= Edmund Sutton =

English knight

Sir Edmund Sutton (1425 - c. 1485) was an English knight who fought at the Wars of the Roses. His father was John Sutton, 1st Baron Dudley.

==Early life==
Sutton was born in Dudley, the eldest son of John Sutton, 1st Baron Dudley, KG, and his wife Elizabeth, daughter of Sir John Berkeley.

==Career==
He fought alongside his father during the conflict today known as the Wars of the Roses and was present at the battles of St Albans, Blore Heath, and Towton.

==Personal life==
Edmund married Joyce Tiptoft, daughter of John Tiptoft, 1st Baron Tiptoft by Joyce de Cherleton(daughter of Edward Charleton, 5th Baron Cherleton), ultimately coheir to the baronies of Cherleton and Tiptoft.
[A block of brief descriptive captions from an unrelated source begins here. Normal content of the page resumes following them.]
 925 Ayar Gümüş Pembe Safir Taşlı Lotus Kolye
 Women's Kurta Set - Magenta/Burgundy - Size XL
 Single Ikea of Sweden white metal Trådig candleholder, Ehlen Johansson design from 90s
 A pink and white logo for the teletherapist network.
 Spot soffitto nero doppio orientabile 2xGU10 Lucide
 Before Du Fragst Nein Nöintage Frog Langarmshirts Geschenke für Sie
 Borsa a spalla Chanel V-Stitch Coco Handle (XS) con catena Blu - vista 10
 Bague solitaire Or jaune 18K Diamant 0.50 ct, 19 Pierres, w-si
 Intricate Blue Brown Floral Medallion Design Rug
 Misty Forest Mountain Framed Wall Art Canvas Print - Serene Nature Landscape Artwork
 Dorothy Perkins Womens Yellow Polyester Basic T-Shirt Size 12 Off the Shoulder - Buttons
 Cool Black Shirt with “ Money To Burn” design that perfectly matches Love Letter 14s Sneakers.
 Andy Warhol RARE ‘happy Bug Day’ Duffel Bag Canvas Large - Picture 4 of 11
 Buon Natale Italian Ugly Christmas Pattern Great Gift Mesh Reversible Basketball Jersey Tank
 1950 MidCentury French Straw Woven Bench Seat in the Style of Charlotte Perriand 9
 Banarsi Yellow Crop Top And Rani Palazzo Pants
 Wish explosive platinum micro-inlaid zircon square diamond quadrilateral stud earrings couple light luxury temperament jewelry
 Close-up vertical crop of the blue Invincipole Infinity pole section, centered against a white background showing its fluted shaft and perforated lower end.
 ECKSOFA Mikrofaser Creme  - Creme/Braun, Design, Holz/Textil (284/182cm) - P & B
She transmitted to the Dudley family the quarterings of Tiptoft, Cherleton, Holland, and that of Edmund of Woodstock, youngest son of King Edward I of England. Together, they were the parents of:

- Edward Sutton (b. 1459) who succeeded his grandfather, John Sutton, as 2nd Baron Dudley; he married Cecily Willoughby, daughter of Sir William Willoughby and Joan Strangeways, and granddaughter of Katherine Neville, Duchess of Norfolk.

Edmund then (c. 1465) married Matilda, daughter of Thomas Lord Clifford and they were the parents of:

- Thomas Dudley of Yanwath. He married Sarah Thirkeld. They had issue:
  - Richard Dudley (1518–1593), who married Dorothy Sandford, daughter of Edmund Sandford of Askham, Cumbria.
  - John Dudley (d. 1580), who married Elizabeth Gardiner.

Edmund's exact date of death is not known, but was living on 6 July 1483 but died before his father (who died 30 September 1487).

===Descendants===
One of his descendants was Mayflower passenger Richard More (Mayflower Passenger).